Abstract
This experiment tested the ability of 81 adult subjects to make a decision on a simple nonverbal false-belief reasoning task while concurrently either shadowing prerecorded spoken dialogue or tapping along with a rhythmic shadowing track. Our results showed that the verbal task, but not tapping, significantly disrupted false-belief reasoning, suggesting that language plays a key role in working theory of mind in adults, even when the false-belief reasoning is nonverbal.

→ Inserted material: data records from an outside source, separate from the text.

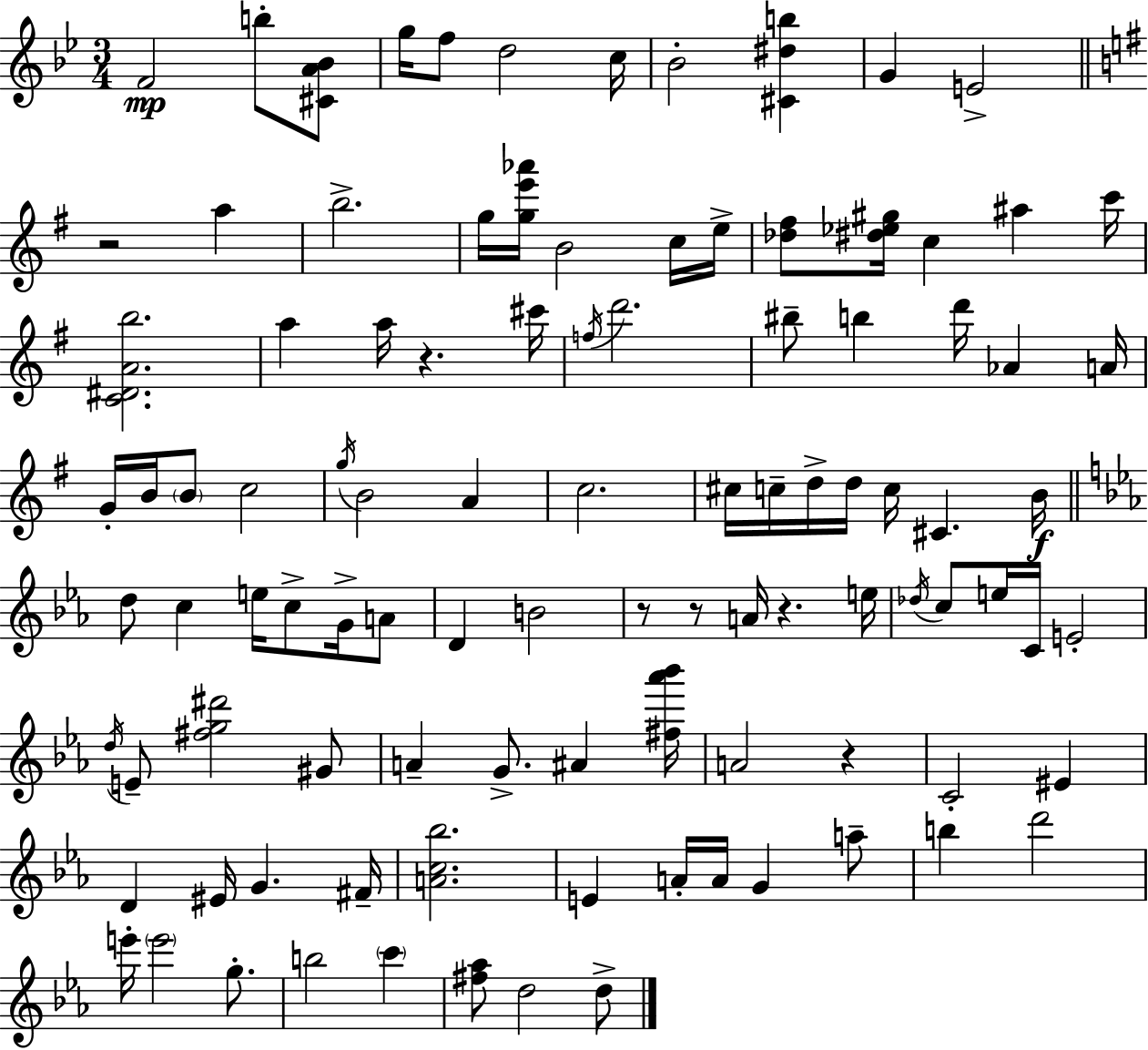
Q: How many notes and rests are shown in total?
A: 101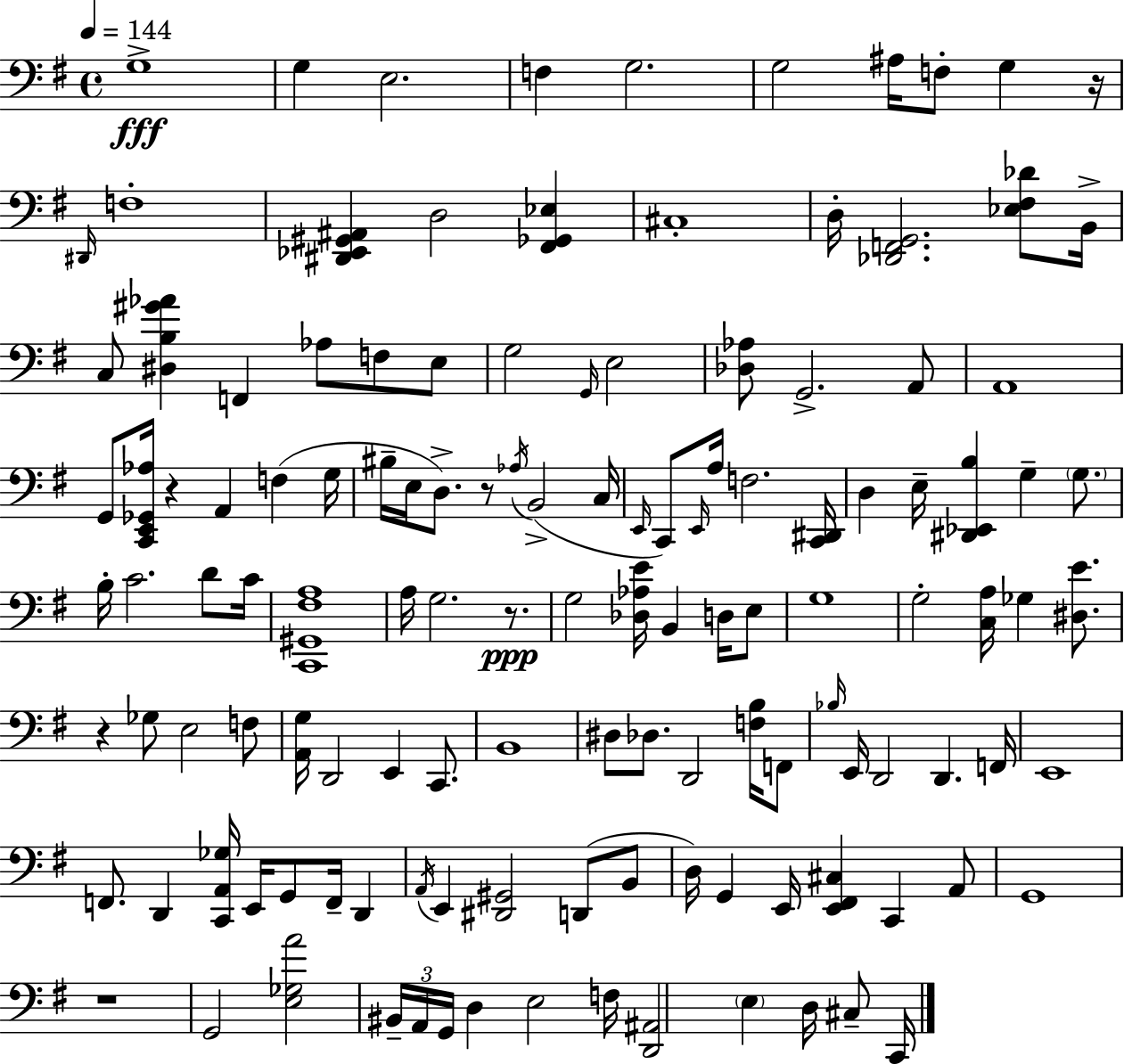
X:1
T:Untitled
M:4/4
L:1/4
K:Em
G,4 G, E,2 F, G,2 G,2 ^A,/4 F,/2 G, z/4 ^D,,/4 F,4 [^D,,_E,,^G,,^A,,] D,2 [^F,,_G,,_E,] ^C,4 D,/4 [_D,,F,,G,,]2 [_E,^F,_D]/2 B,,/4 C,/2 [^D,B,^G_A] F,, _A,/2 F,/2 E,/2 G,2 G,,/4 E,2 [_D,_A,]/2 G,,2 A,,/2 A,,4 G,,/2 [C,,E,,_G,,_A,]/4 z A,, F, G,/4 ^B,/4 E,/4 D,/2 z/2 _A,/4 B,,2 C,/4 E,,/4 C,,/2 E,,/4 A,/4 F,2 [C,,^D,,]/4 D, E,/4 [^D,,_E,,B,] G, G,/2 B,/4 C2 D/2 C/4 [C,,^G,,^F,A,]4 A,/4 G,2 z/2 G,2 [_D,_A,E]/4 B,, D,/4 E,/2 G,4 G,2 [C,A,]/4 _G, [^D,E]/2 z _G,/2 E,2 F,/2 [A,,G,]/4 D,,2 E,, C,,/2 B,,4 ^D,/2 _D,/2 D,,2 [F,B,]/4 F,,/2 _B,/4 E,,/4 D,,2 D,, F,,/4 E,,4 F,,/2 D,, [C,,A,,_G,]/4 E,,/4 G,,/2 F,,/4 D,, A,,/4 E,, [^D,,^G,,]2 D,,/2 B,,/2 D,/4 G,, E,,/4 [E,,^F,,^C,] C,, A,,/2 G,,4 z4 G,,2 [E,_G,A]2 ^B,,/4 A,,/4 G,,/4 D, E,2 F,/4 [D,,^A,,]2 E, D,/4 ^C,/2 C,,/4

How is language involved in thought? According to a weak account (Bloom & Keil, 2001), language plays the role of conveying the content of areas of human reasoning that are inaccessible to behavioral observation: for example, history, abstract scientific theories, cultural understandings, and religion. A shared language is indispensable for conveying such knowledge. According to a strong account, language plays a crucial role in thinking itself. There are four clear contemporary versions of this latter account. First, language could be involved in all conceptual thinking. Evidence of the conceptual abilities of nonverbal infants and chimpanzees is inconsistent with this position, however (Carruthers, 2002). Second, language may be a tool employed whenever there are long inference chains (Clark, 1998). Third, language could serve central cognition as a cross-modular bridge whenever the output from two separate cognitive modules must be combined (Carruthers, 2002; Spelke, 2003). Fourth, linguistic representation may be uniquely able to represent truth and falsity (Fodor, 1975; Jackendoff, 1996). In particular, it has been claimed that language is the medium most suited for representing concepts of other individuals' false beliefs (J.G. de Villiers & de Villiers, 2000; Segal, 1998).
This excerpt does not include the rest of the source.